Difficile de dire si les poulets trouvent du goût aux fêtes de fin d’année. En tout cas, ils donnent bien du goût à ces fêtes, ces gallinacés qui sont mangés à toutes les sauces, à cette occasion. Ils sont même souvent le principal du menu : poulet rôti, braisé, piqué ou kédjénou de poulet, c'est-à-dire soupe de poulet. Au marché, on s’arrache ces volailles comme de petits pains auprès de vendeurs qui les exposent dans des cages. Les prix varient selon la qualité.
À cause du goût
« On a les pondeuses, les poulets qui pondent des œufs. Je fais une pondeuses à 5 000 francs CFA. C’est le même prix pour les poulets africains. On a les poulets de chair que je vends à 8 000 francs et les coquelets à 7 000 francs. Ici, les prix sont approximativement les mêmes. Mais il peut y avoir quelques différences. Cela dépend du fournisseur, car chacun à son fournisseur », nous explique Kouakou Yao, l’un de vendeurs de poulets à Tiébissou.

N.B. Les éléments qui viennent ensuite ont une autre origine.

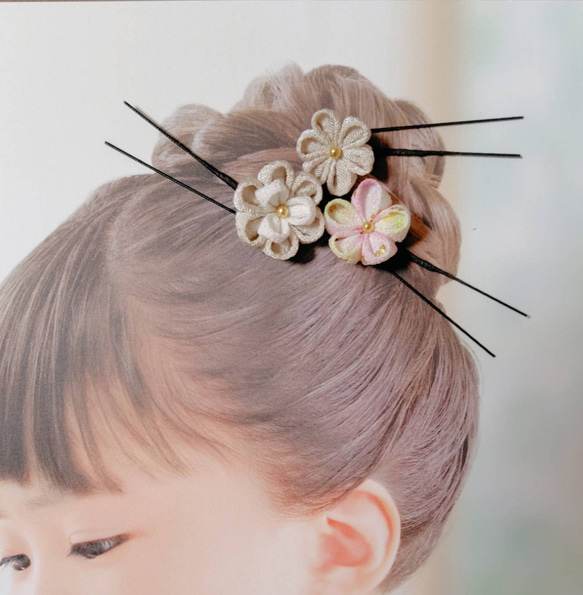 ☆和装ヘッドパーツセット☆　つまみ細工　カメリアヘアクリップ　七五三　3歳　7歳　初節句　成人式　和装 3枚目の画像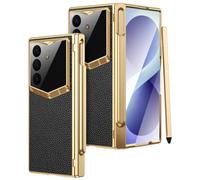 NINKI Étui fin en cuir plaqué pour Samsung Galaxy Z Fold 8 Ultra avec stylet et porte-stylo, coque de téléphone avec charnière et protecteur d'écran, étui de téléphone fin en cuir plaqué pour Samsung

Les prix peuvent être également liés, selon lui, à la qualité des volailles. Par exemple, il y a des poulets de chair de 10 000 et de 3 000 francs. Là, la différence se fait au niveau du poids. Un petit poulet africain peut être vendu plus cher qu’un gros poulet de chair à cause du goût. Ça c’est une autre différence.
« Une fête sans poulet est tout sauf une fête »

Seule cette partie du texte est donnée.